Whilst some at our meeting today, all clearly long-time experts in the field, spoke about plans for the future, and the hope which these plans may bring for the country as a whole, for me personally two issues immediately struck home: the ‘visa break’ on study in the UK, and the fate of undocumented Afghan refugees in Iran.
A ‘break’ on study visas
My first issue is that the UK has this very week instituted a ‘‘visa break’ for Afghan students, including post-graduates, from continuing their education in Britain:
The visa brake applies to visa applications made outside the UK (entry clearance) based on the nationality of the main applicant. It does not depend on where you live or from where you apply. The visa brake applies to … Student visa applications made outside the UK from main applicants who are nationals of Afghanistan, Cameroon, Myanmar and Sudan
One can only imagine that Shabana Mahmood, the UK Home Secretary, forgot, or neglected to consider, the impact such a ‘break’ would have on young women from Afghanistan whose hopes have been built around opportunities for education in the UK, often so they can later return to their own country to provide services for other women.
Efforts by charities to provide e.g. at-home lap-top education for Afghan girls are commendable, but they are not alone remotely enough. Britain must never in any way seem to replicate the crass, short-sighted cruelty of restricting girls’ education. The Afghan level of assault on women’s rights is specific to just one country; and it’s easy to get our British response right. More consideration by the UK of the impact of the visa break on girls and women from Afghanistan is required, urgently.
Undocumented Afghan women and children in Iran
The other issue, much harder to resolve, on which I mused is the fate of the million or more women and children who have fled to Iran from Afghanistan and are being, or have now already been, deported from their reluctant host country. As I explained in a previous post:
Around 4 million forcibly displaced people also live in Iran, mostly in cities and largely from Afghanistan, with a smaller number from Iraq. Well over 100,000 Afghan children are undocumented and have very limited access to schooling and other services. Given the intensely misogynistic conditions in Afghanistan after the Taliban takeover in 2021, it is likely that more Afghans, especially women and girls, will try to flee to Iran. The Iranian authorities announced plans to deport about 2 million undocumented Afghans, many of them educated professionals; by mid-2025 more than 700,000 had been sent back, and by autumn 2025 a further 450,000 or more had been deported.

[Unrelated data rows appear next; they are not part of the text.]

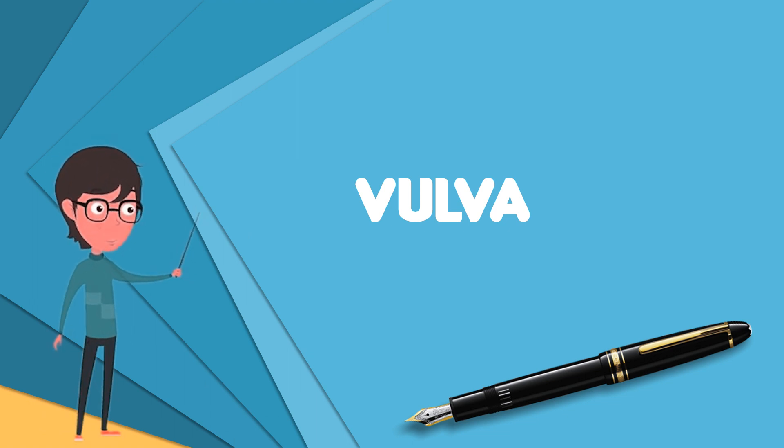Following the development of the vulva, changes take place at birth, childhood, puberty, menopause, and postmenopause.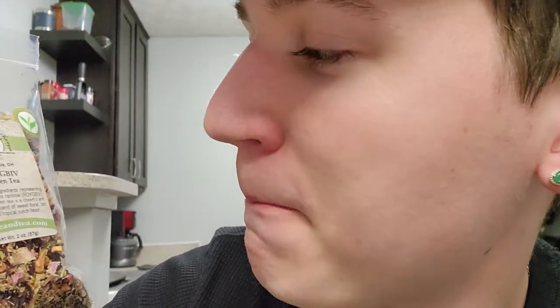It is called the Spice and Tea Exchange, and this one's from Columbus, Ohio. It's called Roy G Biv green tea — it's a floral assortment with fruits and herbs, very colorful. The name Roy G Biv comes from vibrant ingredients representing the colors of the rainbow. It's a cheerful, harmonious blend of sweet floral, tart fruit, and tropical punch flavor, and it's really good — very fruity.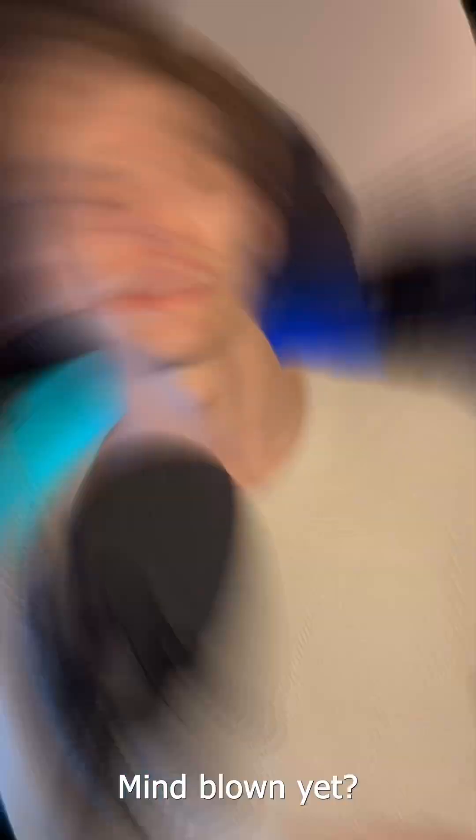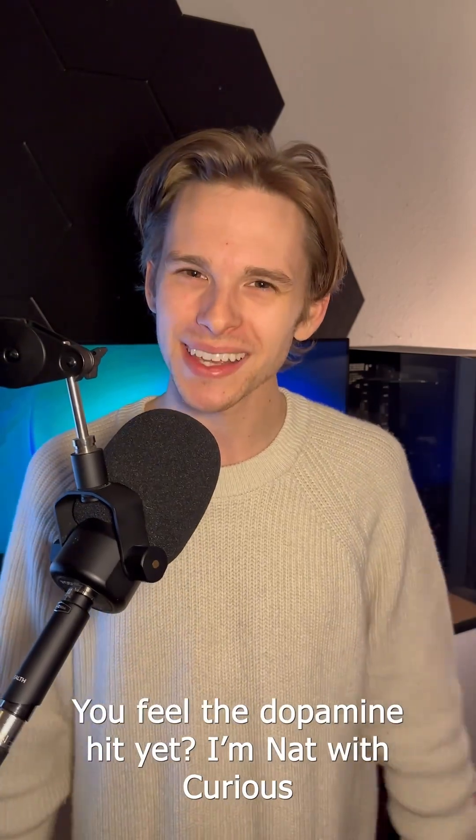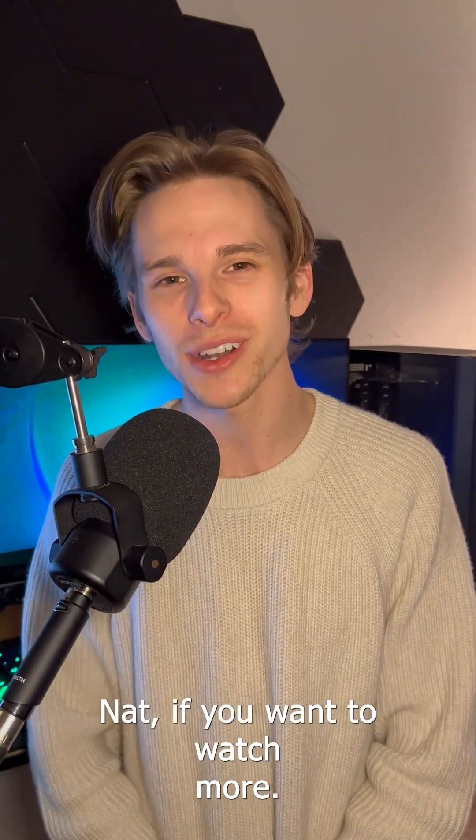Mind blown yet? Turn your keyboard sound on and type 'mind blown' in the comments. You feel the dopamine hit yet? I'm Nat with Curious Nat. If you want to watch more, hit the follow button and join.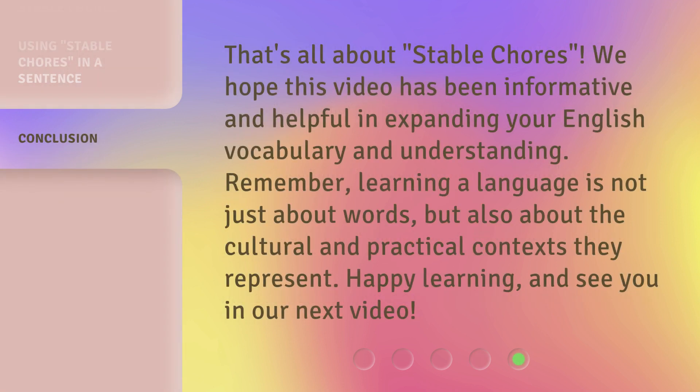That's all about stable chores. We hope this video has been informative and helpful in expanding your English vocabulary and understanding. Remember, learning a language is not just about words, but also about the cultural and practical contexts they represent. Happy learning, and see you in our next video.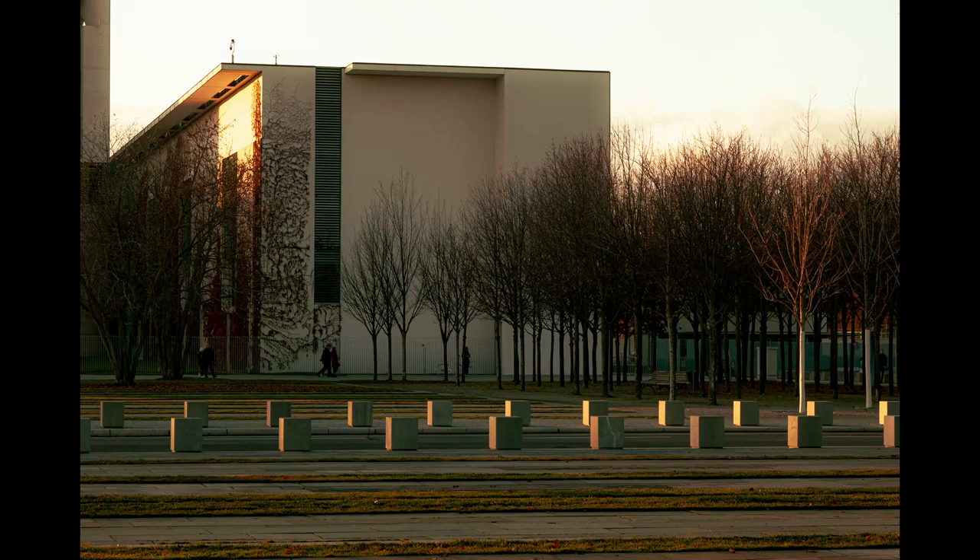Hi everybody, Sean Durham here. The first shot was just a little bit of light, just to see what it's like at the beautiful bollards there in the evening sunshine. Gorgeous.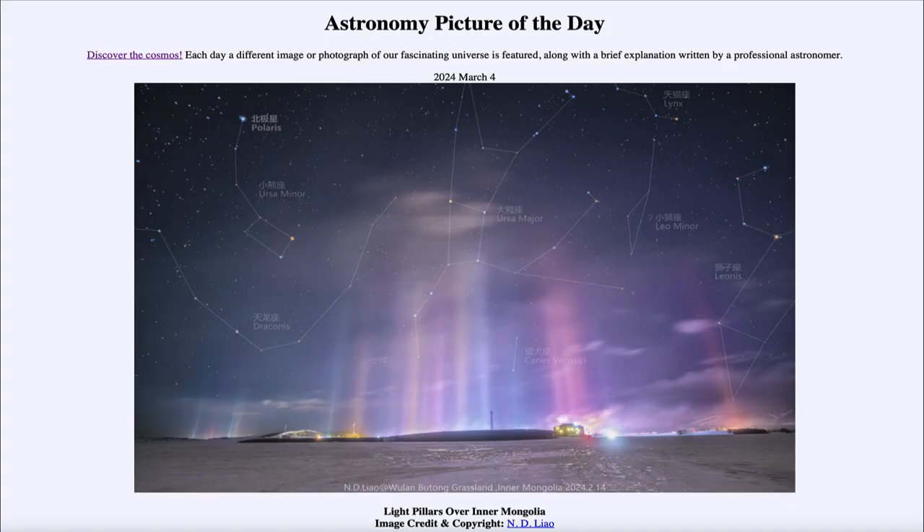Greetings and welcome to the Astronomy Picture of the Day podcast. Today's picture for March 4th of 2024 is titled 'Light Pillars over Inner Mongolia.'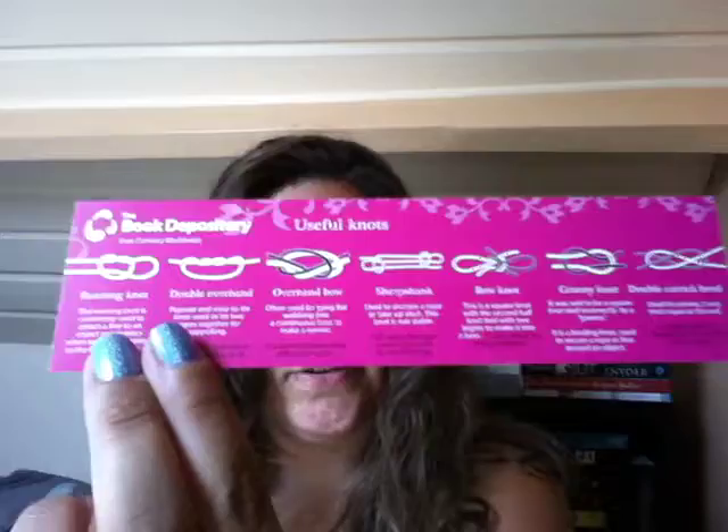It came with a bookmark from Book Depository. It's pink and it teaches you how to tie knots, so that could come in handy. Looking forward to reading this one.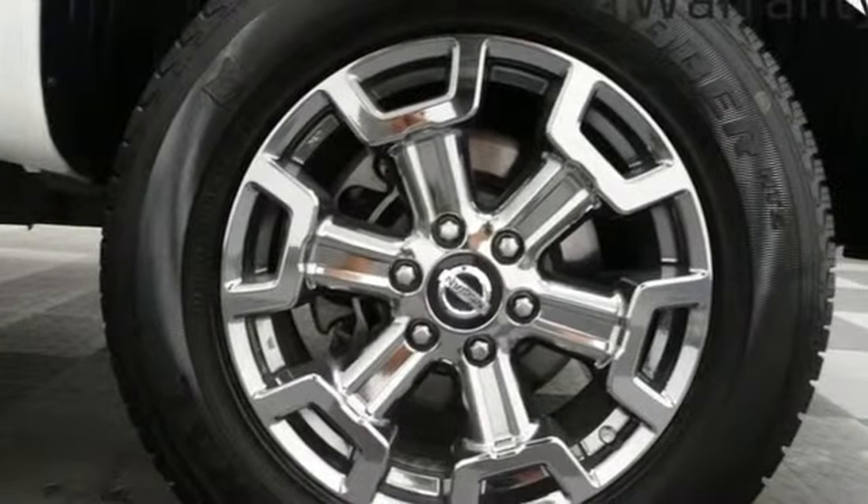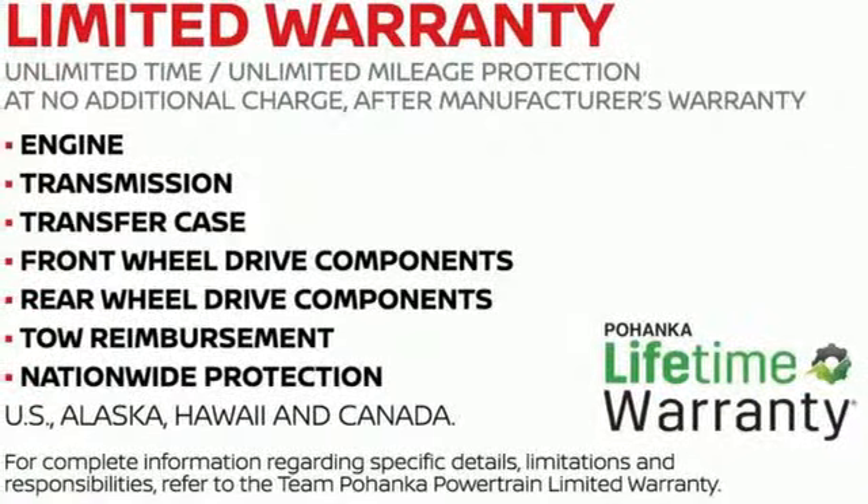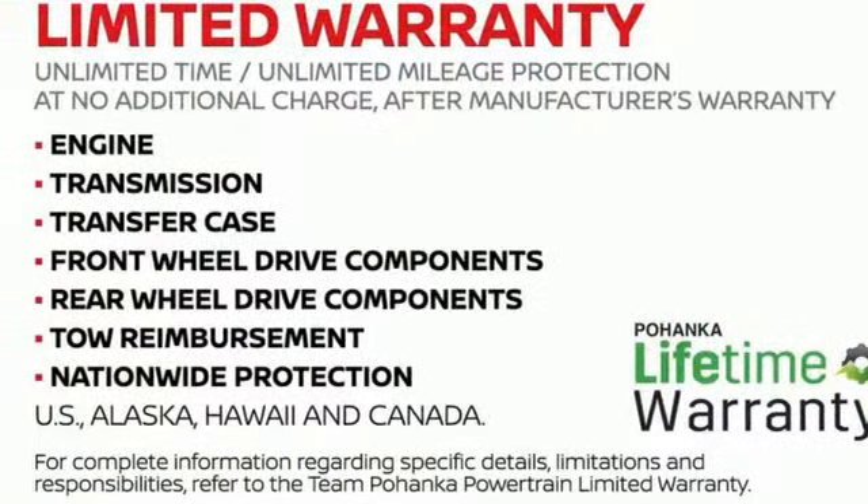Front heated leather bucket seats, aluminum wheels, gas pressurized shocks, auto dimming rear view mirror, and V8 engine. Hurry in today and see it for yourself.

This is by no means a problem only in regard to Afghan women – tragically there are millions more women in similar circumstances from Somalia, Sudan, Syria and many other locations (not to mention men, and those who are internally displaced and often live in constant fear in their own countries) – but that does not mitigate the simple and universal fact that finding a way to nurture and educate women is one of the very best bets for a better society anywhere.
And in saying that, we must acknowledge that a ‘better society’ for women is also a better society for men. This is not an either/or situation. Men are also of course fully entitled to health, well-being and respect. The problem is that, however vehemently a number of them – such as the Taliban – maintain that they can do very well in the mercilessly, soullessly enforced autocratic theocracy of Afghanistan (or Iran), in the long-run that crude patriarchy cannot work to best effect for a myriad reasons.
I can’t even begin to suggest meaningful answers to the gigantic, overwhelming problem of international displacements by the million, and neither I suspect can anyone else in ‘normal’ society. It’s an issue only very large organisations and governmental bodies can effectively address. Certainly, some are doing whatever they can, but the absence of much visible action on the world stage does not license us to stop asking what real solutions are available and should be implemented.
It is vitally important that we in privileged society ensure the lack of privilege of others is part of our visible, articulated politic. We need to insist that having no proper answers is not at all the same as not wanting to find them.
Most of us in the West have a voice if we want to use it. Now is the time that voice needs to be raised loud and clear for those who have no choice but to be silent.